Here's a collection of past projects from GA Data Science students that may help to stimulate your thinking. You're welcome to use public data or private data, though with private data, you'll have to be careful about what you release. Competing in a Kaggle competition is also a project option, in which case the data will be provided for you.
By June 22, you should talk with a member of the instructional team about your project idea(s). We can help you to choose between different ideas, advise you on the appropriate scope for your project, and ensure that your project question might reasonably be answerable using the data science tools and techniques taught in the course. (There is nothing you have to turn in for this milestone.)
Create a GitHub repository for your project. It should include a short write-up that answers these questions:
- What is the question you hope to answer?
- What data are you planning to use to answer that question?
- What do you know about the data so far?
- Why did you choose this topic?
You'll be giving a short presentation to the class about the work you have done so far, as well as your plans for the project going forward. Your presentation should use slides (or a similar format). Your slides, code, data, and visualizations should be included in your GitHub repository. Here are some questions that you should address in your presentation:
- What data have you gathered, and how did you gather it?
- Which areas of the data have you cleaned, and which areas still need cleaning?
- What steps have you taken to explore the data?
- What insights have you gained from your exploration?
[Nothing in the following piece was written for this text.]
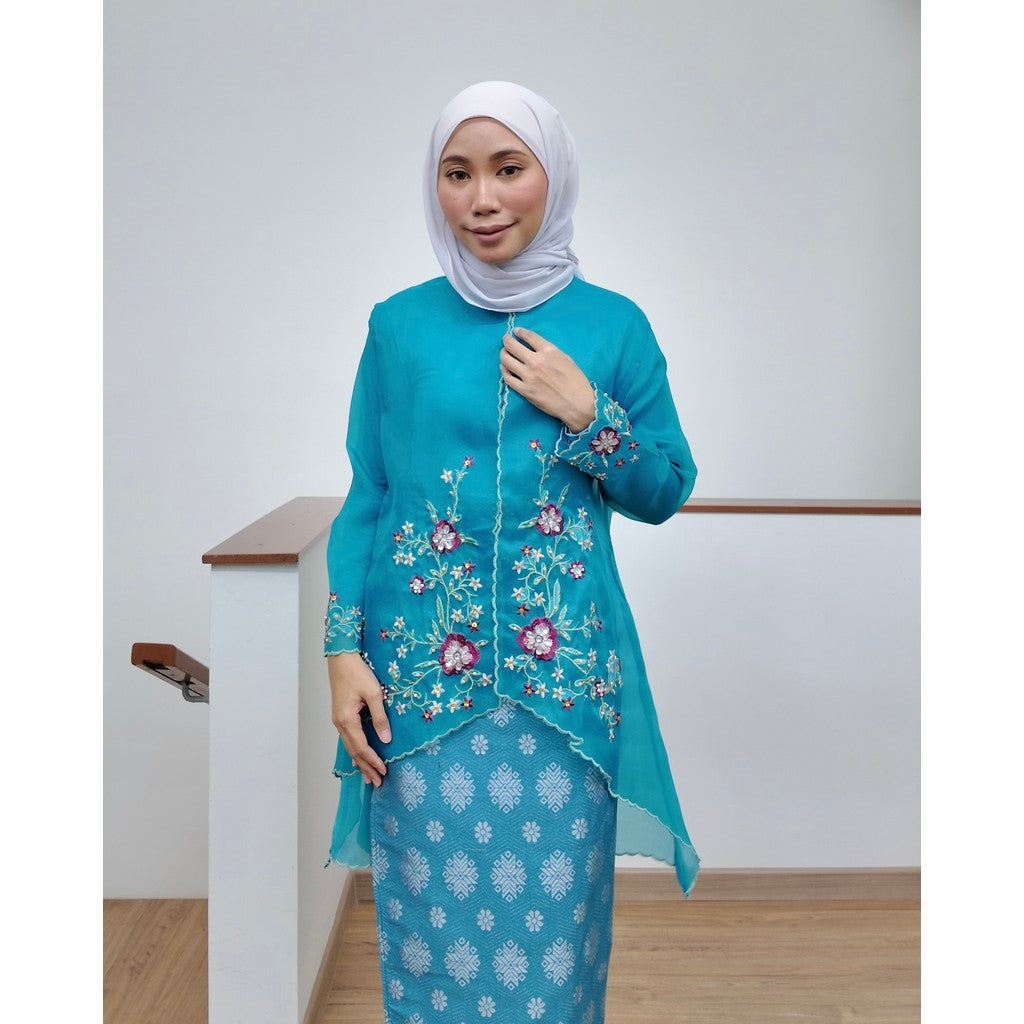 FIRA KURUNG BY PETIKITA RAYA 2026 - TEAL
- Will you be able to answer your question with this data, or do you need to gather more data (or adjust your question)?
- How might you use modeling to answer your question?
A draft of your project paper is due, along with the data, well-commented code, and visualizations. It should be written with a technical audience in mind. Your paper should include the following components:
- Problem statement and hypothesis
- Description of your data set and how it was obtained
- Description of any pre-processing steps you took
- What you learned from exploring the data, including visualizations
- How you chose which features to use in your analysis
- Details of your modeling process, including how you selected your models and validated them
- Your challenges and successes
- Possible extensions or business applications of your project
- Conclusions and key learnings
Your peers and instructional team will be providing feedback. However, the paper should stand "on its own", and should not depend upon the reader remembering your first presentation. The easier your paper is to follow, the more useful feedback you will receive! As well, if your reviewers can actually run your code on the provided data, they will be able to give you better feedback on your code.
You will provide project feedback to two of your peers, according to the peer review guidelines.
Your project repository on GitHub should contain the following:
- Project paper: any format (PDF, Markdown, etc.)
- Presentation slides: any format (PDF, PowerPoint, Google Slides, etc.)
- Code: commented Python scripts, and any other code you used in the project
- Visualizations: integrated into your paper and/or slides
- Data: data files in "raw" or "processed" format
- Data dictionary (aka "code book"): description of each variable, including units
While your project paper should focus on a technical audience, your presentation should be suitable for a non-technical audience. Focus on creating an engaging, clear, and informative presentation that tells the story of your project, rather than trying to include every last detail.
Note: If it's not practical to include your entire dataset in your GitHub repository, you should link to your data source and provide a sample of the data. (GitHub has a size limit of 100 MB per file and 1 GB per repository.) If your data is private, you can either include an "anonymized" version of your data or create a private GitHub repository.